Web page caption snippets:
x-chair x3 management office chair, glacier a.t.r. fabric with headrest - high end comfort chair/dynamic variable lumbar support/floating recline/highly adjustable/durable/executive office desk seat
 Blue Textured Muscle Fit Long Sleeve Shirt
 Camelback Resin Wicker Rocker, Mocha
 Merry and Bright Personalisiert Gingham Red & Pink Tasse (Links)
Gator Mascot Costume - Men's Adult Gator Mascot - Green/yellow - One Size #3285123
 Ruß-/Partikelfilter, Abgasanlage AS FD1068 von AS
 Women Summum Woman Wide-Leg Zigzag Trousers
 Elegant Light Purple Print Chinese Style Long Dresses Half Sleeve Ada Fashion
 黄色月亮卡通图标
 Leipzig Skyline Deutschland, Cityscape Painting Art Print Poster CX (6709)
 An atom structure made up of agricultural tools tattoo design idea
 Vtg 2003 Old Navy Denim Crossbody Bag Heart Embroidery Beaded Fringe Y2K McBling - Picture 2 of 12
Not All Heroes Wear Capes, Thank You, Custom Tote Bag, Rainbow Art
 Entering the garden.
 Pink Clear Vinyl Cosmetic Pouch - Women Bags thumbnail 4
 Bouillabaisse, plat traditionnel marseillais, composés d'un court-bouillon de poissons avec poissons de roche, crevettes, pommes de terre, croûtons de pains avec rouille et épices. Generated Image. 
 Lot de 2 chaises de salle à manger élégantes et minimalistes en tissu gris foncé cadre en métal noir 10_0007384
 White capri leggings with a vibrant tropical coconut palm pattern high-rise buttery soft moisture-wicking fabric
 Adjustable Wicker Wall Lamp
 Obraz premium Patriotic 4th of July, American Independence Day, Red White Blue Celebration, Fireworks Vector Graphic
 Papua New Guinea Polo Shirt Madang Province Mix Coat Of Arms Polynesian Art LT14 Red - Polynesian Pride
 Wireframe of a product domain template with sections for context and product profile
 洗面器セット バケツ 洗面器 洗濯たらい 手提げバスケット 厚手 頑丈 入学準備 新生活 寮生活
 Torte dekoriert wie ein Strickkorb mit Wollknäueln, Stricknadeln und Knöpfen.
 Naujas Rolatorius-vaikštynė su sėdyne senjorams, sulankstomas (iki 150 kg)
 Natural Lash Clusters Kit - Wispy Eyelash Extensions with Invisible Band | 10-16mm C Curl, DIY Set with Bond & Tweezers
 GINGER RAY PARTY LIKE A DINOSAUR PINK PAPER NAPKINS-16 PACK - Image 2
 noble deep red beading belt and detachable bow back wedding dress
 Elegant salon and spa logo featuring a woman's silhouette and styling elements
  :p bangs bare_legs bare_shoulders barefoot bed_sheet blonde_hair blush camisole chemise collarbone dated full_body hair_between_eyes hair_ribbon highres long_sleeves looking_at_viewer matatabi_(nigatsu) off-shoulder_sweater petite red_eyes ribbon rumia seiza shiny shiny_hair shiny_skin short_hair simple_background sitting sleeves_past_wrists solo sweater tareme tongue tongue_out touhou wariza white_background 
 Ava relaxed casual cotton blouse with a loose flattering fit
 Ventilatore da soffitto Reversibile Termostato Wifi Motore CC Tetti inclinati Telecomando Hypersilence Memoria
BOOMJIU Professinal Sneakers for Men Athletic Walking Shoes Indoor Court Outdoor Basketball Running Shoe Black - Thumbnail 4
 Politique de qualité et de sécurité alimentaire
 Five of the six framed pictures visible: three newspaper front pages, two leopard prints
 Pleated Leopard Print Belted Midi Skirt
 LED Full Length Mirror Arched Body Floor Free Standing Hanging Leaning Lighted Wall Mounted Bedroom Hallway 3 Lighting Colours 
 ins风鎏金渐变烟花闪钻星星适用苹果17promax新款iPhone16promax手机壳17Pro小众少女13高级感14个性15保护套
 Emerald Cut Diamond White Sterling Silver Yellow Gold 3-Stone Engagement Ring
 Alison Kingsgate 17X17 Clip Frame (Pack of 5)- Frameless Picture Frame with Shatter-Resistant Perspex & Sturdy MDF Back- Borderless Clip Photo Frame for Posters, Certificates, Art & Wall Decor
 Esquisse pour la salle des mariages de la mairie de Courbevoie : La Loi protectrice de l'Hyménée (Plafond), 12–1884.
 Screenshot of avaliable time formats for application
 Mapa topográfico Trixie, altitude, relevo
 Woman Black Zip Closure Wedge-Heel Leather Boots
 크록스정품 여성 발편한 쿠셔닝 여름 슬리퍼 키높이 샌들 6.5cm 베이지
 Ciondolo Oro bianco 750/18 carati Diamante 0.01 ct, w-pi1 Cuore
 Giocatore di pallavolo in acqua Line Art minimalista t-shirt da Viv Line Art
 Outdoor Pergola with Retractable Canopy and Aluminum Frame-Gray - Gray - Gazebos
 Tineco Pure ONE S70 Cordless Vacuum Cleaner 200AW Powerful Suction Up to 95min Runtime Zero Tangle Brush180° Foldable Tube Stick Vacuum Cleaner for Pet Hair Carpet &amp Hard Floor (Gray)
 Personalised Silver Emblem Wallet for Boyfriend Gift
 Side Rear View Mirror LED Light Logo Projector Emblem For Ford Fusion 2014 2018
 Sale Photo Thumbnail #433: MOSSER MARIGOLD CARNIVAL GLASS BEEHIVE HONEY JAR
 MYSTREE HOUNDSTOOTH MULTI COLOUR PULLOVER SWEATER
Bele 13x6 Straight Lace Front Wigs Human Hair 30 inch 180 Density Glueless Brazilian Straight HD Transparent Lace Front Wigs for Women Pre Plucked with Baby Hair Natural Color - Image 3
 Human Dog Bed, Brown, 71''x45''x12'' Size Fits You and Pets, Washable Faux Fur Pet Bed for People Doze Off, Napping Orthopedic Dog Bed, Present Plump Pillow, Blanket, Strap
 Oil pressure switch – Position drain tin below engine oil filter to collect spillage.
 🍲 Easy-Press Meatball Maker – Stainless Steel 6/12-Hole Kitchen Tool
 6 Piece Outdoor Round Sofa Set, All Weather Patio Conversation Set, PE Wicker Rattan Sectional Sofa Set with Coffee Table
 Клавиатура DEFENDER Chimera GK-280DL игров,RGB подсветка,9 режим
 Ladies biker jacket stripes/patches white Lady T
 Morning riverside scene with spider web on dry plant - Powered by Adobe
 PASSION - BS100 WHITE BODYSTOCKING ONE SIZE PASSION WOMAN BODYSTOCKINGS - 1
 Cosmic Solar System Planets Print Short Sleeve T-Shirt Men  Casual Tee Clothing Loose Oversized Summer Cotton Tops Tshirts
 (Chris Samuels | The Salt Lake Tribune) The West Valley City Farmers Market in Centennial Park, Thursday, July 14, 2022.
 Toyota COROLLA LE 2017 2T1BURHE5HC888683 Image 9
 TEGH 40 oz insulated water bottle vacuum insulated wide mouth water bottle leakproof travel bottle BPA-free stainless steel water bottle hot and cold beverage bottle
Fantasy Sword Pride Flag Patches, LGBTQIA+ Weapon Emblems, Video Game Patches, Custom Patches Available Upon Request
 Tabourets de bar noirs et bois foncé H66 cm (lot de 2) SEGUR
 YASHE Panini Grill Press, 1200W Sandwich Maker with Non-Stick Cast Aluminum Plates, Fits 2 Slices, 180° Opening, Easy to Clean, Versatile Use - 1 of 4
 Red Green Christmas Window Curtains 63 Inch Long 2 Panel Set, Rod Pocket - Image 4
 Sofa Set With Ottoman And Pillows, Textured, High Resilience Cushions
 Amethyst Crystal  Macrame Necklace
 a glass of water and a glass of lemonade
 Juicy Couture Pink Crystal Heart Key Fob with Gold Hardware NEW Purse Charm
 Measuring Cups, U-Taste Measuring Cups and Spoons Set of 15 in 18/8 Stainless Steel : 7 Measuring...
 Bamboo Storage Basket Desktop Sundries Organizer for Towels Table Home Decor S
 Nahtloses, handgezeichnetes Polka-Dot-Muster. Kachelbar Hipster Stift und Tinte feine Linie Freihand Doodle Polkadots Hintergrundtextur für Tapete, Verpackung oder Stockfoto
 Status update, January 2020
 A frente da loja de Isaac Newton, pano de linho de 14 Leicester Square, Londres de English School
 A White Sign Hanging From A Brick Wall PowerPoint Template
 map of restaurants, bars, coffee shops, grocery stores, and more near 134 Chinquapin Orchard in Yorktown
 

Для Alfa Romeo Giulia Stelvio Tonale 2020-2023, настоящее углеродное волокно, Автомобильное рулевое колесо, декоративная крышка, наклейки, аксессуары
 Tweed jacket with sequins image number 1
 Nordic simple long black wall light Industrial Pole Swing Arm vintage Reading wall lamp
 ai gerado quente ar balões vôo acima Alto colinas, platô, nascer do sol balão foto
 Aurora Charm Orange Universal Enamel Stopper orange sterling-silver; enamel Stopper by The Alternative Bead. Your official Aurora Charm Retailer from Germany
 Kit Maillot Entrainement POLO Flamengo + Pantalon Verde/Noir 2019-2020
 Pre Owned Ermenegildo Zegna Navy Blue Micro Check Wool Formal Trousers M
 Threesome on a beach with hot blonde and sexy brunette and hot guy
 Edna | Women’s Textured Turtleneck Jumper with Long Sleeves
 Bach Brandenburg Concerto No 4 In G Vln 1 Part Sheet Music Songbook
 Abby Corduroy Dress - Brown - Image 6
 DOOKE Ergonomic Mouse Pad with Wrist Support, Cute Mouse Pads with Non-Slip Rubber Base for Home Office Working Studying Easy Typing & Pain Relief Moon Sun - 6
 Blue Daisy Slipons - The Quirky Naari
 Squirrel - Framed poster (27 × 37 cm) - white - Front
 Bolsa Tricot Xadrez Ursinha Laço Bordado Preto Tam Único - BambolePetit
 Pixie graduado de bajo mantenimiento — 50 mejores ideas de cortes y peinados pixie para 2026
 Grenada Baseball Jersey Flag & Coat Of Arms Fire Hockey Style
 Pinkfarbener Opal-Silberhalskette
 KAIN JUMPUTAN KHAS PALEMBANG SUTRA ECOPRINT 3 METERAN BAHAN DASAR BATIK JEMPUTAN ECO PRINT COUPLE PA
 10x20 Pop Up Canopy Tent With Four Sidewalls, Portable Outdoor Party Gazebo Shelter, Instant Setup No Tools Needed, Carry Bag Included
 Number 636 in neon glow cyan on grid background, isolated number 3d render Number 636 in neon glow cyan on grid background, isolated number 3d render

• Work order:
Only one stretch of the entries above is wanted: the lines from the one containing "Blue Daisy Slipons - The Quirky Naari" through the one containing "Grenada Baseball Jersey". Please reproduce it exactly.

• Exercise answer:
 Blue Daisy Slipons - The Quirky Naari
 Squirrel - Framed poster (27 × 37 cm) - white - Front
 Bolsa Tricot Xadrez Ursinha Laço Bordado Preto Tam Único - BambolePetit
 Pixie graduado de bajo mantenimiento — 50 mejores ideas de cortes y peinados pixie para 2026
 Grenada Baseball Jersey Flag & Coat Of Arms Fire Hockey Style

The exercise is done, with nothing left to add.